No nos hablábamos desde que salimos de casa. Las cinco cuadras que atravesamos para ir hasta el supermercado estaban bañadas en la pelusa blanca que caía de los palos borrachos. Una cuadra antes de llegar, ella se detuvo ante una casa desocupada y se sentó en el escalón de entrada, entre papeles, hojas secas y vidrios rotos.
—Dame un pucho.
—Dame un pucho.
Me dijo, y antes de meter la mano el bolso, me senté a su lado en silencio. Saqué la caja de cigarrillos y me encargué de prenderle uno. Sabía que dejarla hacer eso, con aquel viento sucio que nos hacía lagrimear, iba a llevarla al límite de la frustración. Le pasé el pucho encendido y me prendí otro. El humo se esfumaba rápido, nos atravesaba las cabezas.
—No podemos seguir así, sin hablarnos. Mañana te vas y quién sabe cuándo voy a verte de nuevo.
Me decía, mientras con la mano me sacaba una pelusa que se había enredado en mi cabello.
—Estás contenta, ¿no? ¿Esto era lo que querías, irte lejos de toda esta mierda?
Con la pelusa, se llevó unos tres cabellos más entre sus dedos, el ADN que me reclamaba. Los cabellos se retorcían como lombrices en sus manos por los azotes de las ráfagas, como aquellas lombrices lánguidas que sacaba los fines de semana de su jardín.
—Mamá, no empieces.
Le dije, mientras me rascaba el cuero cabelludo justo ahí, de donde había tironeado la pelusa.
—Tantos años de limpiarte el culo me dan derecho a decirte lo que pienso, ¿no?
Empecé a juntar los pedazos de vidrio que estaban sobre el escalón. Intentaba rearmarlos, como a un rompecabezas. Mi mamá fumaba conmigo, de espaldas a esa casa vacía. Si forzábamos la puerta y nos metíamos ahí, y solo nos preocupábamos por fumar sin descanso, sin decirnos nunca nada, tal vez no tendría que irme de casa mañana. Esto era una ecuación simple. O nos mataba el pucho, o nos matábamos entre nosotras.
—Está bien que te vayas. Ya era hora. Pero entendé que no me hacés fáciles las cosas yéndote justo en este momento.

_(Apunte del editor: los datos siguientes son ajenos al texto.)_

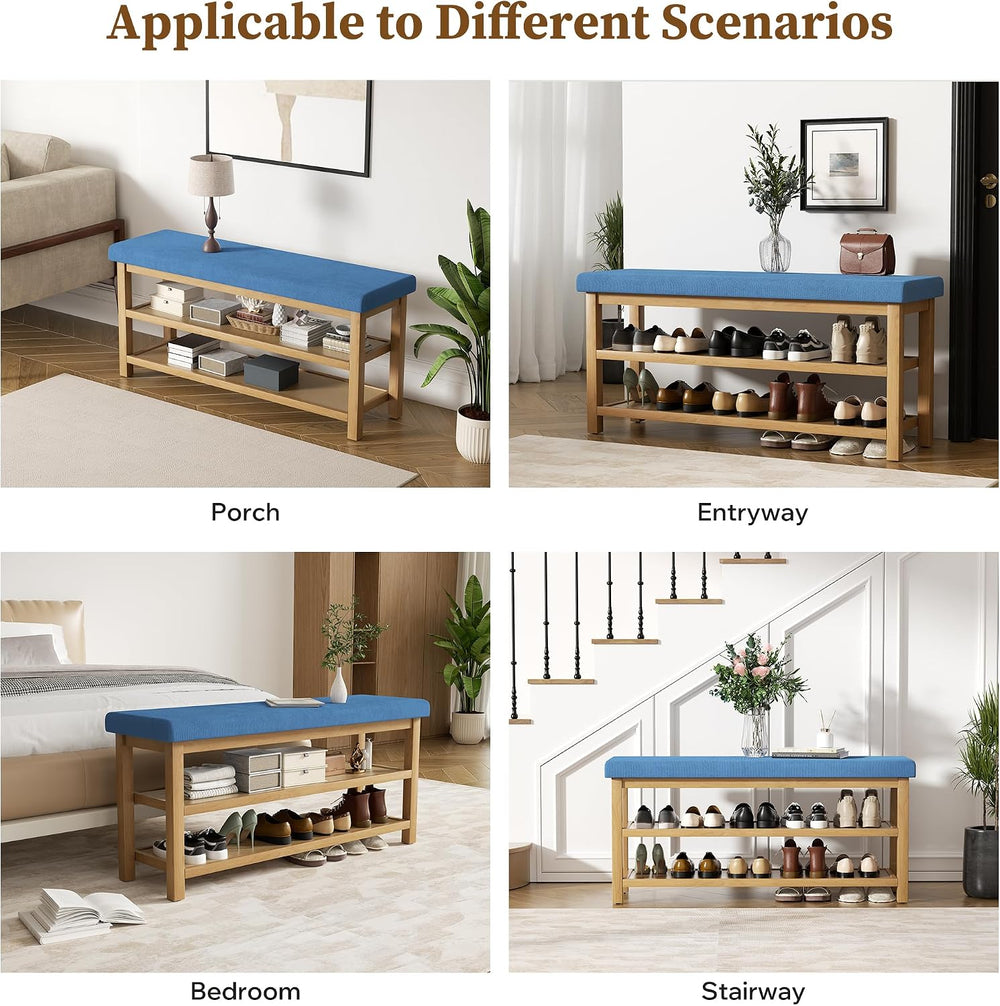 2 Tier Shoe Rack Bench with Cushion, Rubberwood Shoe Benches, Mid-Century Mod...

Giré la cabeza para observarla bien mientras me decía esto. Sabía con exactitud lo que haría después. Miraría a un punto fijo en el horizonte, que en este caso no sería más que el kiosko de enfrente, absorbería el filtro con una calma imposible en ella, para teñir el gesto de profundidad y reflexión, y se quedaría callada, porque en el silencio ella siempre encontraba aprobación.
—Mamá, no existe el momento correcto. No es el momento correcto para que me vaya. No es el momento correcto para que al tío le haya agarrado cáncer. No es el momento correcto para que dejes de fumar.
—Uno más, que ya no aguanto.
Dijo y frunció la cara, y se largó a llorar.
Al otro lado de la calle, el kioskero salió a baldear la vereda. El polvo se levantaba con fuerza entre nosotras, desde los planteros secos de aquella casa desocupada en donde estábamos atormentándonos. Mamá lloraba con la frente en alto, para que pudiera verla bien, para que todos los que por ahí pasaban pudieran escudriñar su dolor. Esto era todo lo que ella quería hacer, clavarme la culpa en el pecho, la culpa que había aprendido a usar en contra de todos los que la rodeaban. Así había aprendido a mantener a las personas a su lado, a los pocos que se habían quedado pegados en la telaraña de su neurosis. Me levanté y crucé la vereda. Le pedí al kioskero que me prestara el balde lleno de agua por un momento. Volví a la casa vacía y regué los planteros. Crucé dos veces más, llené dos veces más el balde, y regué las baldosas hasta aplastar todo el polvo que se levantaba y se nos metía en los ojos. Los colores empezaban a oscurecer alrededor nuestro. El agua se escurría hacia la acequia. Esta era la última vez, en toda mi vida, que hacía algo por ella.